Their gazes met. His eyes were wide, dark, all-devouring. A warm, velvet blackness. It had a pull, a gravity. But there was light inside, a dim-bright glow around the edges of his pupils. Eclipse eyes. Then he ducked his head, hiding behind the curtain of his hair again, his breathing unsteady.

 

She went to find the coffee maker. There was one stashed behind the bar. As she spooned grounds in, Bob remained curled in his chair. He always sat like that, his body language inward drawn, as though he were trying to take up as little space as possible, as though he were silently apologizing for the inconvenience of his existence. It would take time to unlearn that, and he might never fully lose the habit.

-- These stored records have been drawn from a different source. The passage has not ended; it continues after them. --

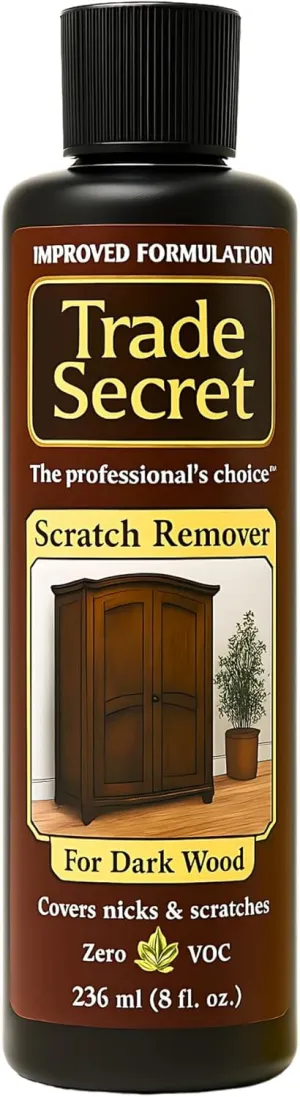 Trade Secret Scratch Remover for Real Wood Furniture & Floors – Dark Wood Scratch Concealer, Covers Nicks, Scuffs & Dogs, Cats Scratches, Marks, Minor Defects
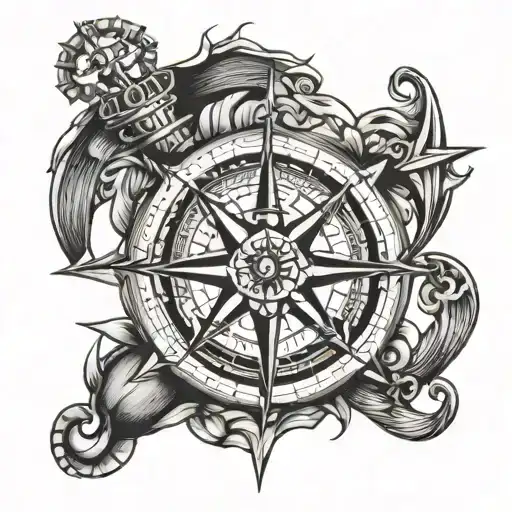 Nautical Compass Or Nautical Anchor Intertwined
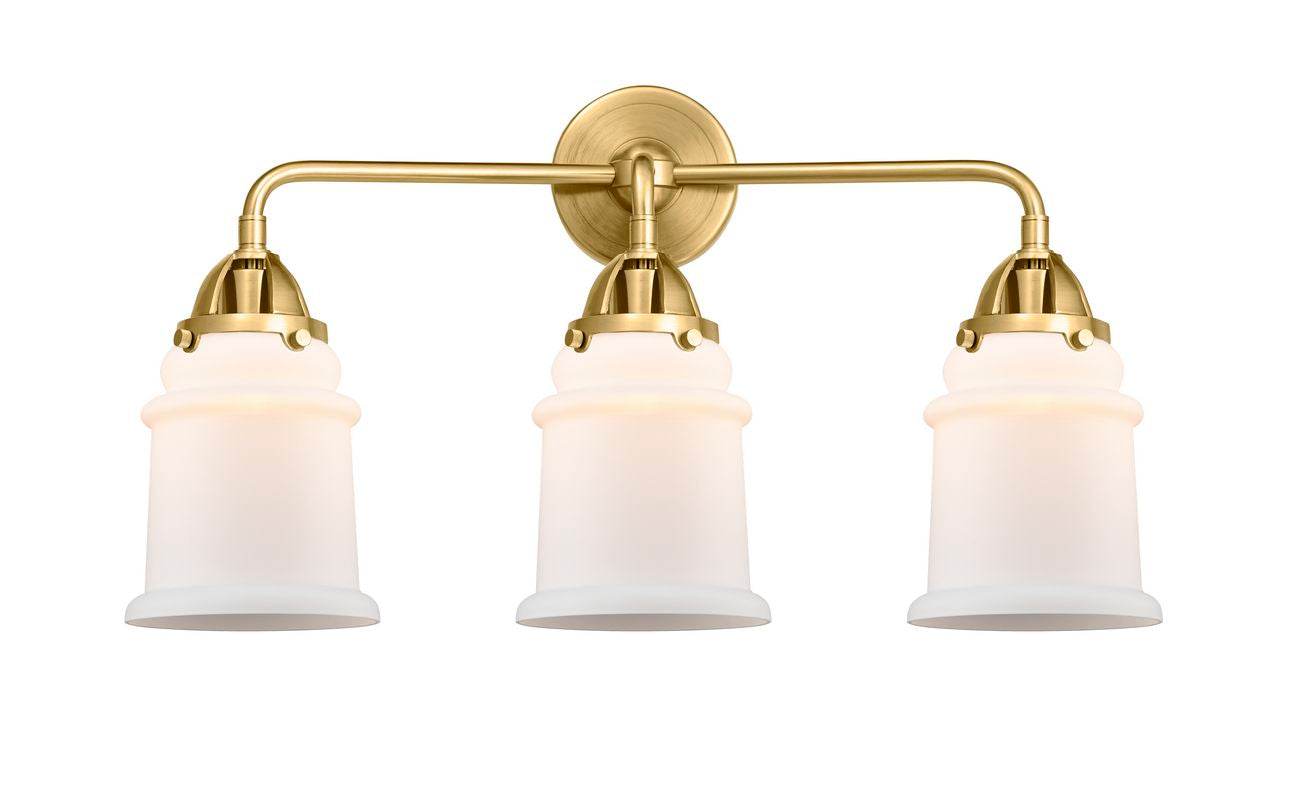 288-3W-SG-G181 3-Light 24" Satin Gold Bath Vanity Light - Matte White Canton Glass - LED Bulb - Dimmensions: 24 x 7.25 x 11.625 - Glass Up or Down: Yes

But as she watched, he uncurled just a little.

 

There’d been so many subjects in those experimental drug trials. Anyone at all could have ended up with his reality-defying powers. Would a more stable, a more "normal" person have been better? Hard to say. Someone else might have been more tempted by the power. Even as Sentry, flush with delusions of grandeur, he had refused to harm his friends. Even as Void, the embodiment of despair and loneliness, he had not permanently erased anything. It had still been bad, yes; to say no harm done would be naive. But it could have been so much worse.

 

She believed in no gods, yet she said a silent prayer of thanks that it had been him.